(Extracted data entries)
BEGIN

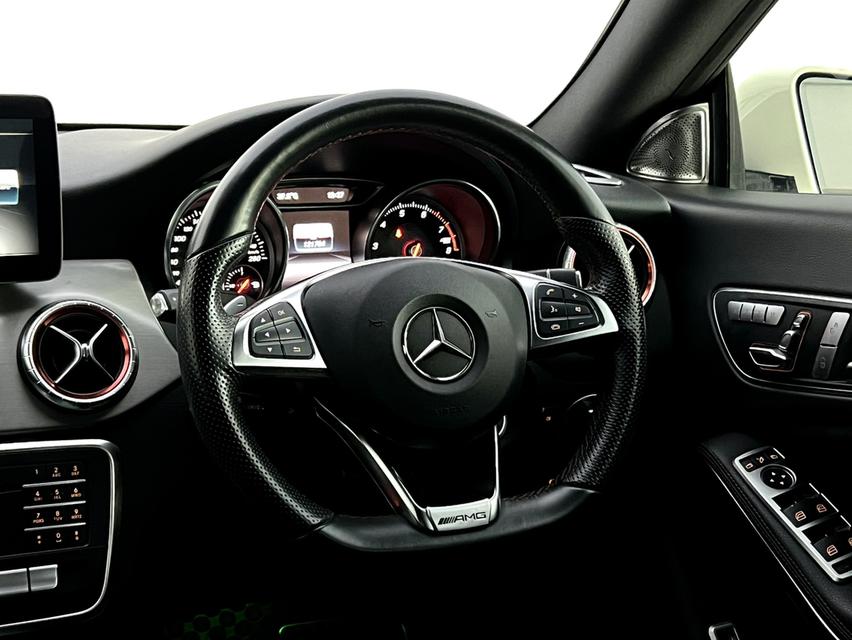 Mercedes-Benz CLA250 AMG Dynamic 2017 14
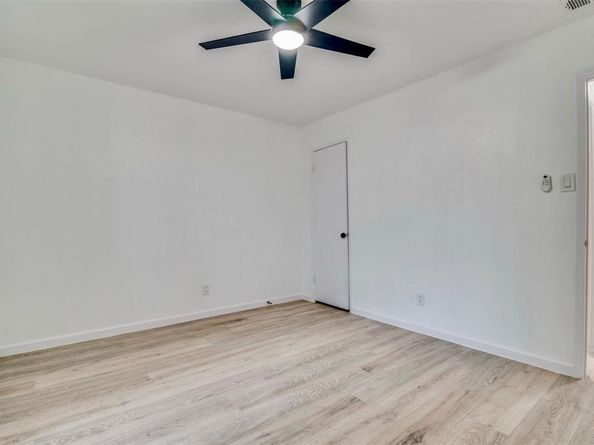 6401  Gate ridge Circle , Garland Texas 75043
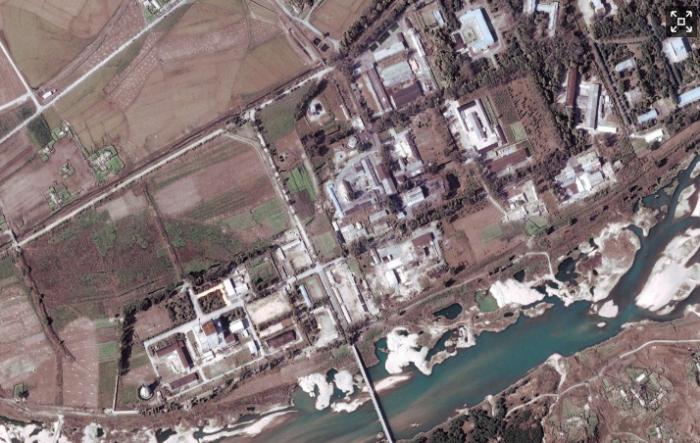 북한의 영변 핵시설은 북한 핵 위협의 상징이자 그 위협의 물리적 생산 기반이며, 북한 핵전략 변화를 읽는 지표임과 동시에 협상을 통한 문제 해소의 현실적 진입로가 될 수 있다. 미국의 북한전문매체 38노스가 지난해 1월 촬영한 영변 핵시설 모습. 38노스는 우라늄 농축시설 위에 쌓인 눈이 녹은 것 등으로 볼 때 핵시설이 지속적으로 가동되고 있다고 분석했다. EPA·연합뉴스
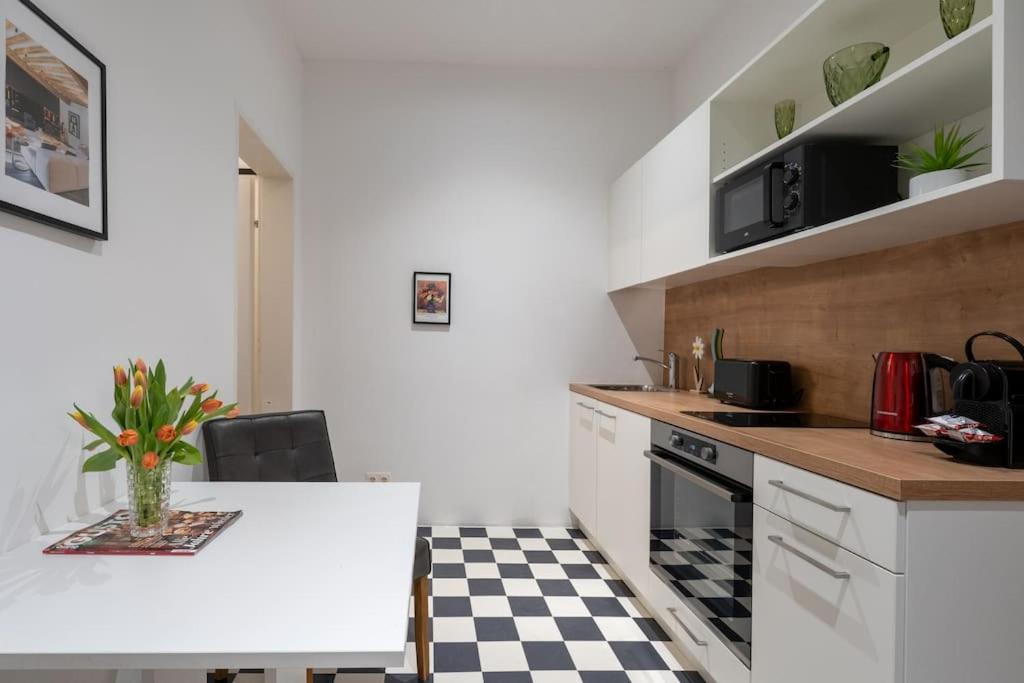 Practical 1Br Flat By Center By Hm Viena Exterior foto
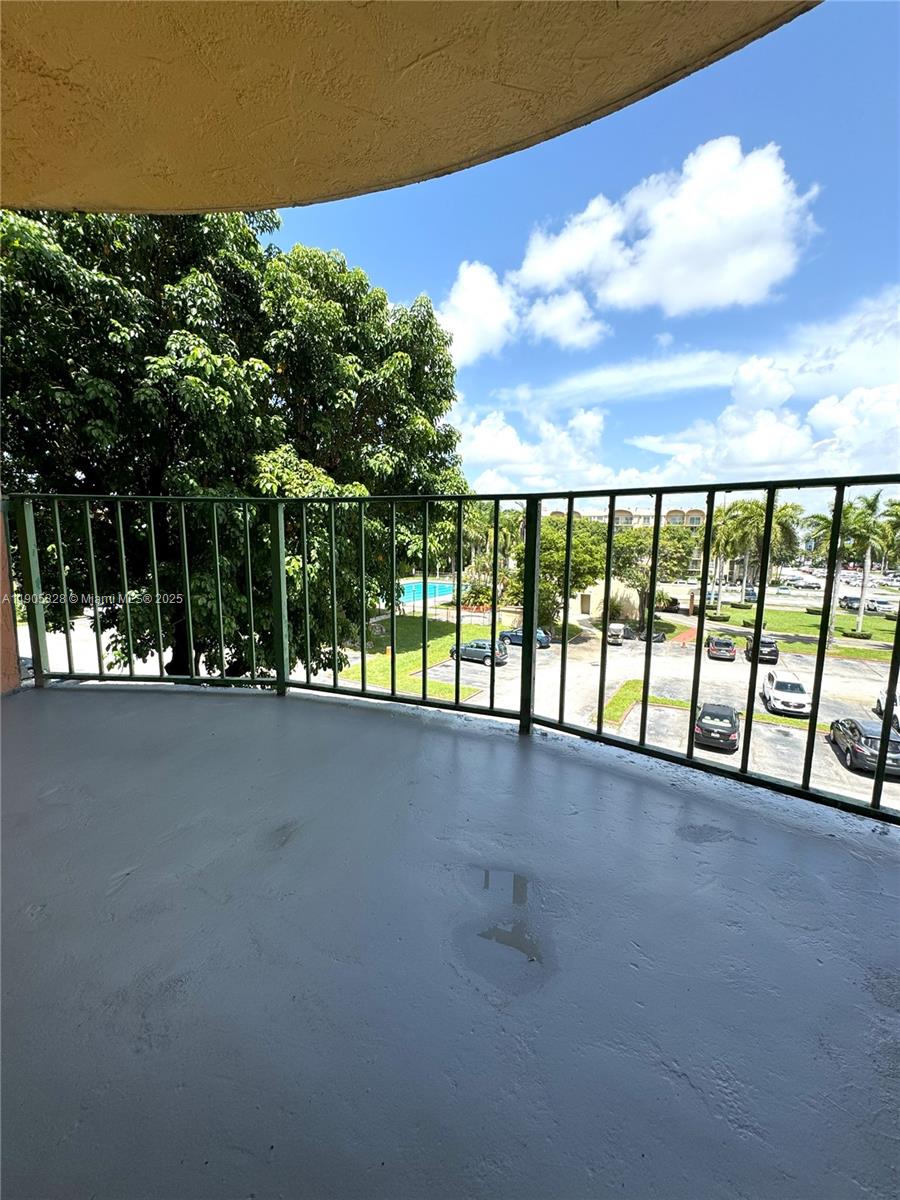 THE FOUNTAINS AT FONTAINE - Residential Lease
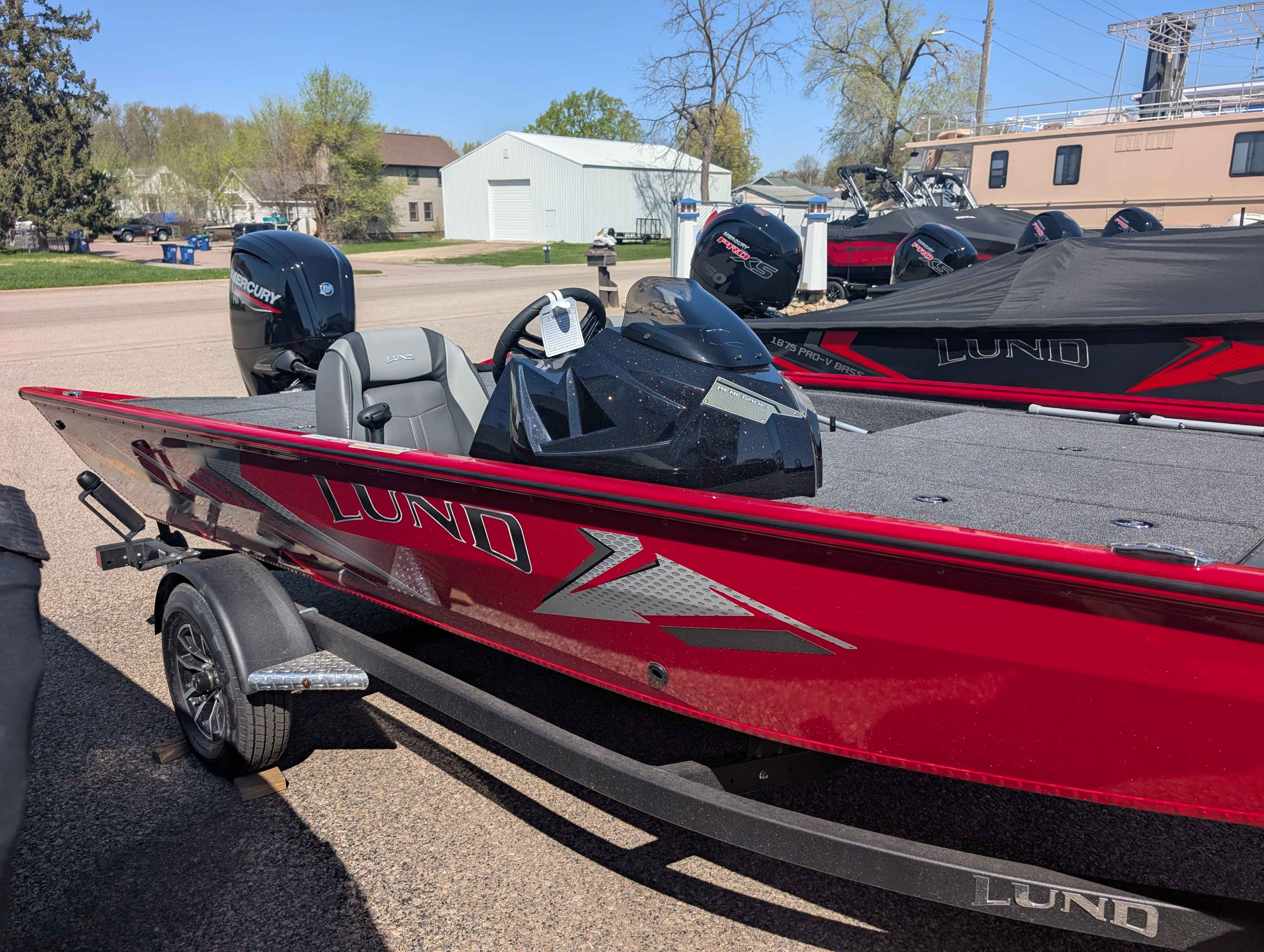 boat-carouselImage-image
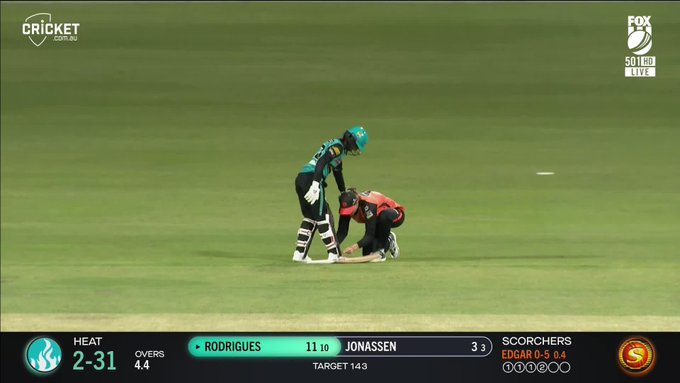 "How's this for sportsmanship." 👟 📹 Credits: Twitter/WBBL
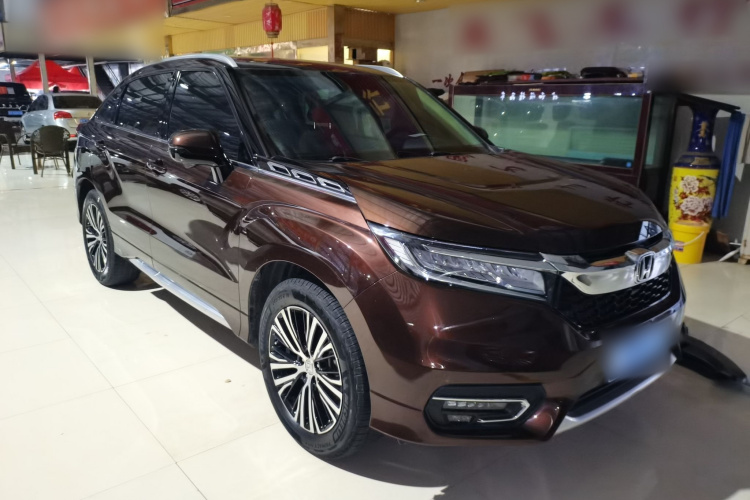 本田 冠道 2017款 370TURBO 四驱尊享版车身外观3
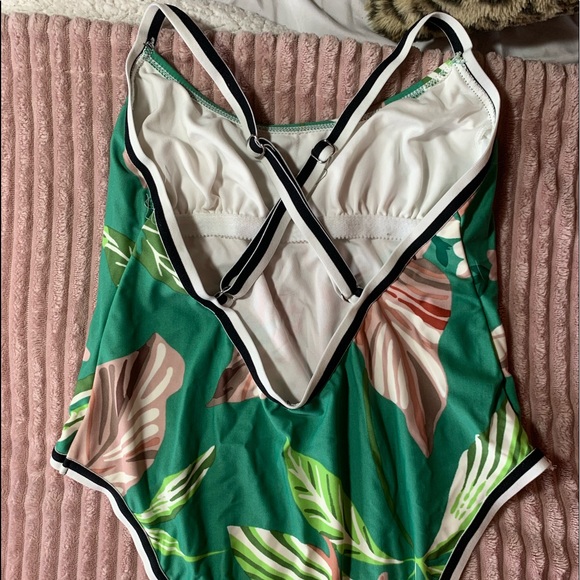 Cute One Piece Swimsuit - Picture 3 of 3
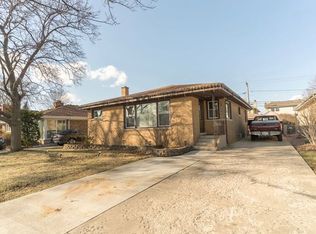 1600 Oakton St, Park Ridge, IL 60068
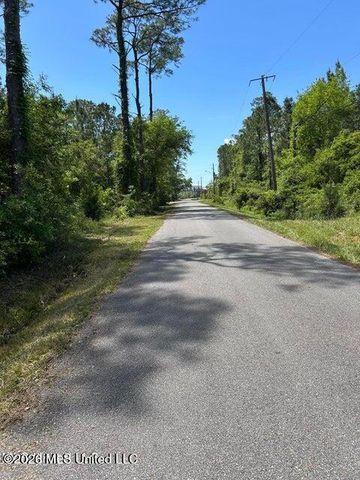 Parkview Lane, Pass Christian, MS 39571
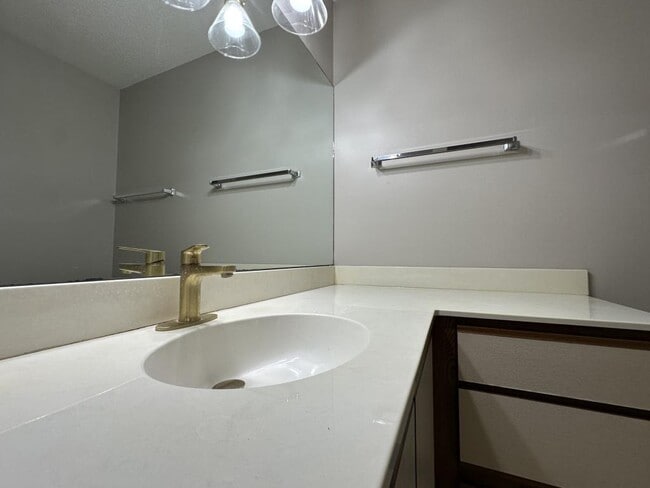 Building Photo - 14 Willow Tree Run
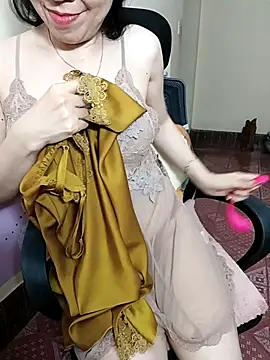 Moona_heny live sex cam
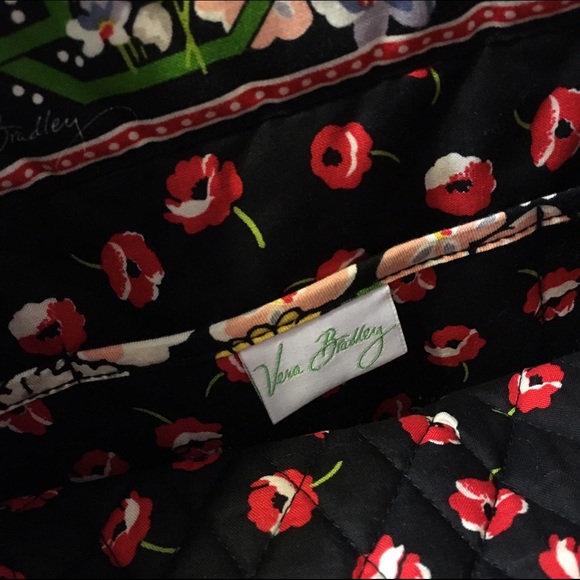 Vera Bradley Tote - like new! - Picture 3 of 3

END

▶ [Work instruction]: A word-for-word copy of the entries above is needed, with every picture dropped.

▶ [Result]:
 Mercedes-Benz CLA250 AMG Dynamic 2017 14
 6401  Gate ridge Circle , Garland Texas 75043
 북한의 영변 핵시설은 북한 핵 위협의 상징이자 그 위협의 물리적 생산 기반이며, 북한 핵전략 변화를 읽는 지표임과 동시에 협상을 통한 문제 해소의 현실적 진입로가 될 수 있다. 미국의 북한전문매체 38노스가 지난해 1월 촬영한 영변 핵시설 모습. 38노스는 우라늄 농축시설 위에 쌓인 눈이 녹은 것 등으로 볼 때 핵시설이 지속적으로 가동되고 있다고 분석했다. EPA·연합뉴스
 Practical 1Br Flat By Center By Hm Viena Exterior foto
 THE FOUNTAINS AT FONTAINE - Residential Lease
 boat-carouselImage-image
 "How's this for sportsmanship." 👟 📹 Credits: Twitter/WBBL
 本田 冠道 2017款 370TURBO 四驱尊享版车身外观3
 Cute One Piece Swimsuit - Picture 3 of 3
 1600 Oakton St, Park Ridge, IL 60068
 Parkview Lane, Pass Christian, MS 39571
 Building Photo - 14 Willow Tree Run
 Moona_heny live sex cam
 Vera Bradley Tote - like new! - Picture 3 of 3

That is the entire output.